Perhaps aware that Carano might not be able to carry the film by herself, the Soderbot surrounds her with a dream supporting cast, some of which get to share a tumble with her, but most of which he insists on enforcing the banality of the job by having them either stand around and not do much, or sit around and not do much. Antonio Banderas sits around and strokes his magnificent beard, the mighty Bill Paxton bimbles about a house experimenting with both sitting around and standing around, while Michael Douglas is just looking for some breasts to point at.
If you can get past all that and Ewan McGregor's appalling haircut maybe you'll enjoy Haywire, but don't hold your breath for the Soderbot's next film, Magic Mike, which stars Channing "Po" Tatum and Alex Pettyfer as strippers. At least Matthew McConaughey's in it to add authenticity.

Monday, 16 January 2012

BlogalongaMuppets #4: Beaker Reviews The Muppet Christmas Carol

Sup bitches? Beaker here with another hilariously late BlogalongaMuppets. What can I say, I'm a popular muppet, and there are a lot of lonely ladymuppets out there who're grateful for the company of someone with a comedy phallus for a head at Christmas.
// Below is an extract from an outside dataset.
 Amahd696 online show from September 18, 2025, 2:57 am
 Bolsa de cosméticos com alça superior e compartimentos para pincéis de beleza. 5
Anyway, I'm supposed to be talking about The Muppet Christmas Carol, by far the best reason yet for this fucking depressing monthly realisation that we muppets aren't the world's greatest filmmakers. Until now I was going to suggest we should all be mothballed or turned into dusters for all the joy we've inflicted on cinema audiences, but fortunately we saved our pathetic furry assholes with not just the best muppet film yet, but one of the best Christmas movies ever, and if anyone disagrees with that you can kick 'em in the baubles with compliments from me.
Me with that unbearable twat Bunsen. I had the cameraman
fired for incorrectly focusing this shot on Johnny No-Eyes.

A tiny percentage of the credit should probably go to Charles Dickens for writing a structurally flawless story in the first place, and it doesn't hurt that for once the songs aren't utter shitballs. Even Gonzo doesn't fuck it up this time - his totes meta narrating gig might disappear up his own Gonzhole but at least it's bloody funny. However it's clear who the stars of the show are: me, obviously, and my old pal Sir Michael Fucking Caine.
Nice hat. If you like looking like a cock with
a rolled-up johnny perched on the end.

Mike rules this film like a boss, and between him, Dickens and me, we created movie gold. It was my idea to hand him my scarf at the end - he wasn't sure, but I said "Listen up, shitbrick. This is the emotional core of the whole fucking film. You might not have a clue what you're doing but I know my shit, so take the fucking scarf and try not to hang yourself with it." In the end he saw that I was right and repaid me by sending a few of his female fans my way. They were knocking on a bit but you learn a lot from the older birds.

So, yeah. Very good. Well done us. Now fuck off will you, I'm trying to watch Muppet Treasure Island.